(Dataset Opens)

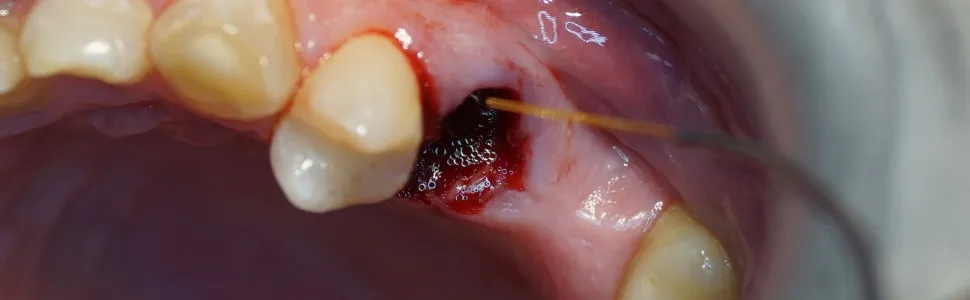 skrzep krwi w zębodole po ekstrakcji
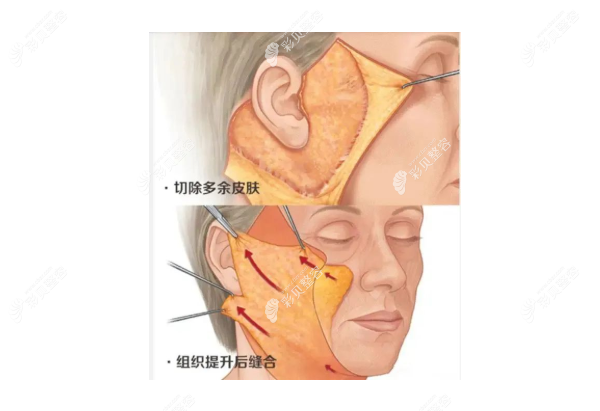 拉皮手术过程图解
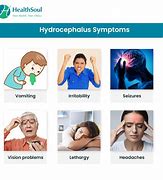 Image result for Hydrocephalus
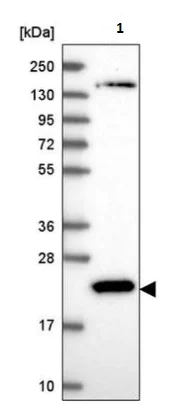 Western blot - Anti-CIB1/KIP antibody (AB220606)
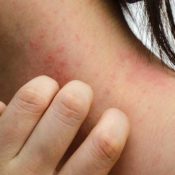 How Lifestyle Changes and Self-Care Can Improve Your Eczema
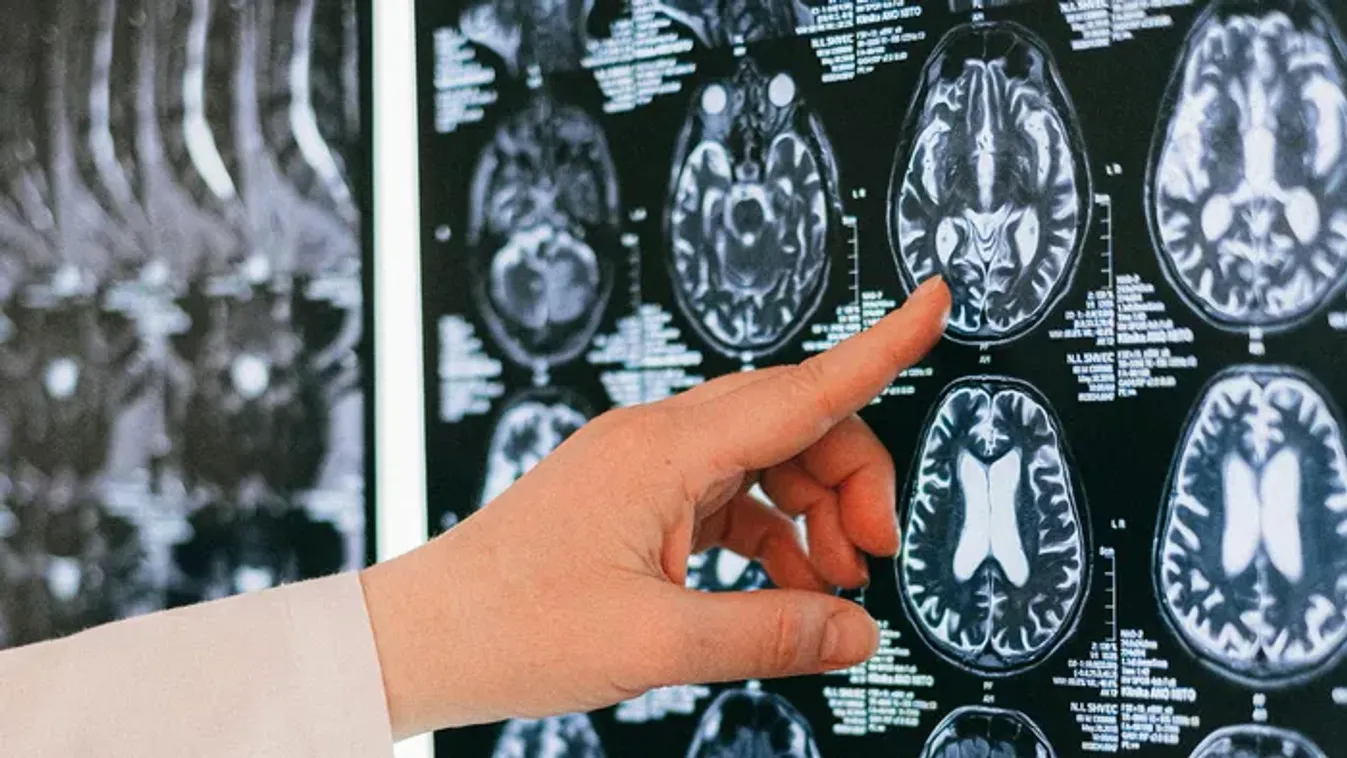 Már a gondolatainkat is olvassa a mesterséges intelligencia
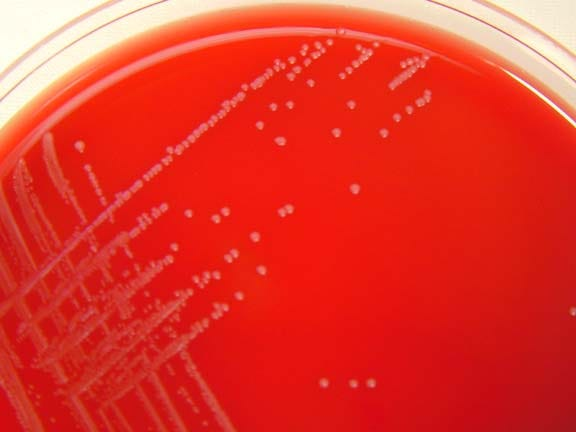 <p>What GPR has <strong>very small translucent gray</strong> colonies with a <strong>narrow zone of beta hemolysis </strong>and <strong>resembles Group B Strep</strong>?</p>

(Dataset Closes)

_Exercise details_: Write out all of the data above exactly, without any of its pictures.

_Result for this exercise_:
 skrzep krwi w zębodole po ekstrakcji
 拉皮手术过程图解
 Image result for Hydrocephalus
 Western blot - Anti-CIB1/KIP antibody (AB220606)
 How Lifestyle Changes and Self-Care Can Improve Your Eczema
 Már a gondolatainkat is olvassa a mesterséges intelligencia
 <p>What GPR has <strong>very small translucent gray</strong> colonies with a <strong>narrow zone of beta hemolysis </strong>and <strong>resembles Group B Strep</strong>?</p>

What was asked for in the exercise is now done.